NASSAU, BAHAMAS – Speaker of the House of Assembly Halson Moultrie has restricted all live streaming of the parliamentary proceedings to the Broadcasting Corporation of The Bahamas through the Parliamentary Channel.
Moultrie said the reason for this measure is because there have been “issues with respect to the manipulation of parliamentary broadcasts”.
Just before the House began the supplementary budget debate on Thursday, Moultrie said he received a letter from Opposition Leader Philip Davis requesting that he be allowed to live stream his presentation during the debate – which Moultrie agreed to.
“We have in the past offered that same facility to the prime minister,” he said.
“But I want to bring it to the attention of this Parliament, that from this point forward, we have a facility already in existence on ZNS of the Parliamentary broadcast via the Parliamentary Channel.
“In the future, we would wish all persons who wish to live stream would just go onto Facebook, log into ZNSnews.com and stroll down to the Parliamentary channel live stream.”
Moultrie said he has received “a number of Whatsapp messages where the footage of the Parliamentary proceedings have been manipulated by persons running audio under the video of the proceedings of Parliament that is conveying a completely misleading and false report of the proceedings of Parliament”.
He continued: “In the future, it is the chair’s position that all live-streaming of the Parliament proceedings should be obtained via the ZNS network.”
The speaker also implemented rules for photographers and videographers recording the proceedings.
“Those persons who have been given permission are not permitted to take photographs below the waistline or the table top and not to allow wide angle shots, and obviously no video is permitted, particularly video that you are panning the room,” he said.
“The cameras are confined to the person that is speaking, the member that is on their feet, that is the only person that you should be focusing on and taking any photograph of.”
The latest declaration by Moultrie follows a series of similar rules recently implemented to control the broadcasting of the proceedings.
Last May, Fontella Chipman, the sister of Centreville MP Reece Chipman, made a loud outburst in the galleria, making condemning statements against the legislators.
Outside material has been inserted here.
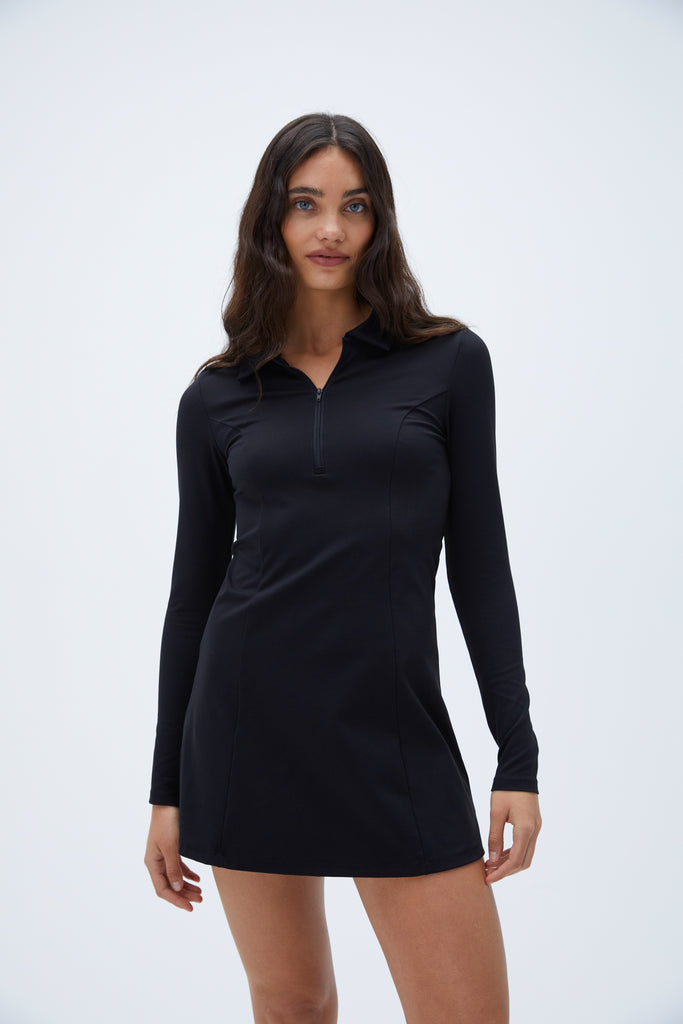 zout Spaans directory Zip Front A-line Dress - Black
Videos recordings of the incident were widely circulated.
Moultrie said those recordings posed a serious threat to security of the House, and he ordered the visitors must leave cell phones at the door with Royal Bahamas Police Force guards.
While rule does not apply to member of Parliament, technocrats or the media, the speaker said at the time, media will have to seek permission from the House through Chief Clerk David Forbes to capture cellphone video.
Moultrie has previously issued damning criticism of the fourth estate in The Bahamas, charging that media organizations have “descended” the quality and accuracy of reporting standards.
In October, the speaker ordered the deletion of any cellphone photos or videos captured by a staff reporter at The Nassau Guardian.
Moultrie said the journalist used the cellphone to record proceedings without permission.
The Nassau Guardian later revealed the deleted photos, which were recovered from the cellphone, were of Exuma and Ragged Island MP Chester Cooper as he contributed to debate on the bill to allow for the replacement of government-issued documents lost due to the passage of Hurricane Dorian.